We have a working happy path use case, and are currently consolidating relevant code into a shared library
Need to complete that consolidation, do some error handling and monitoring improvements
Roadmap for Event Bus: https://github.com/openedx/platform-roadmap/issues/28
[inform|analysis] (David) We’re adding runtime config for MFEs based on config defined in edx-platform.
https://github.com/openedx/edx-platform/pull/30473
(Simon) lms_mfe_config_api perhaps?
(David) This isn’t lms specific, but the auth code is in LMS
(Chris) Why do we need this?
(David) Community wants to be able to change branding, visual look, etc. without needing to rebuild all MFEs
(Jeremy) Also, Tutor currently has to rebuild all MFEs if any configuration variables change
https://github.com/openedx/frontend-app-learning/blob/master/.env
2022-06-08
[inform] (Simon) I created a OC Engineering and Architecture Advisory.

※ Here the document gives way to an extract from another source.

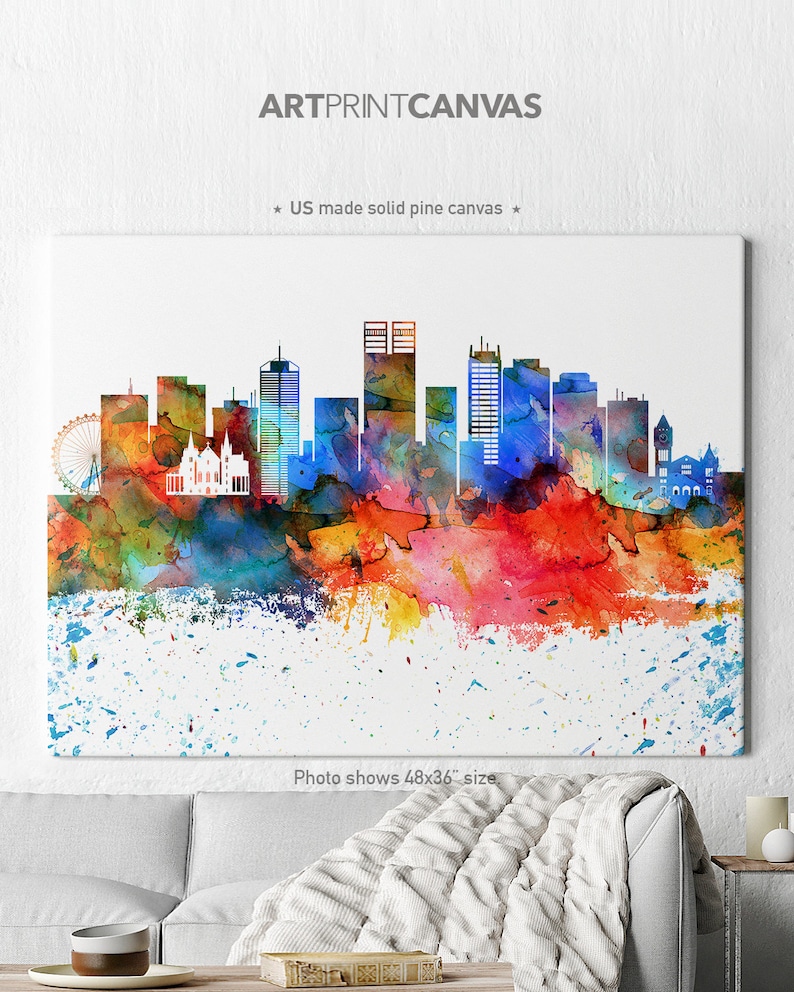 Perth Skyline Canvas Perth Canvas Print Perth Canvas Art Etsy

I can use feedback from attendees of this meeting
Adam: Async Feedback, I think Arch Hour Moved on top of Embedded SRE meeting, I find it very helpful to read the meeting notes afterwards though.
Chris - It is also on top of Paragon WG
+ [quest] (Simon) What LTI client account do 2U/edX maintain for development? TurnItIn? H5P.com? Others?
Studio and LMS go to different assignments on Turnitin
Same parameters with different values somehow
How do we get Turnitin accounts?
Work with PMs and PCs to collect a list of LTI clients that our partners most frequently use. Then approach those LTI clients and establish a process with them for supporting edx-platform integration. Establish also a process to add or subtract from that list of “supported LTI clients”.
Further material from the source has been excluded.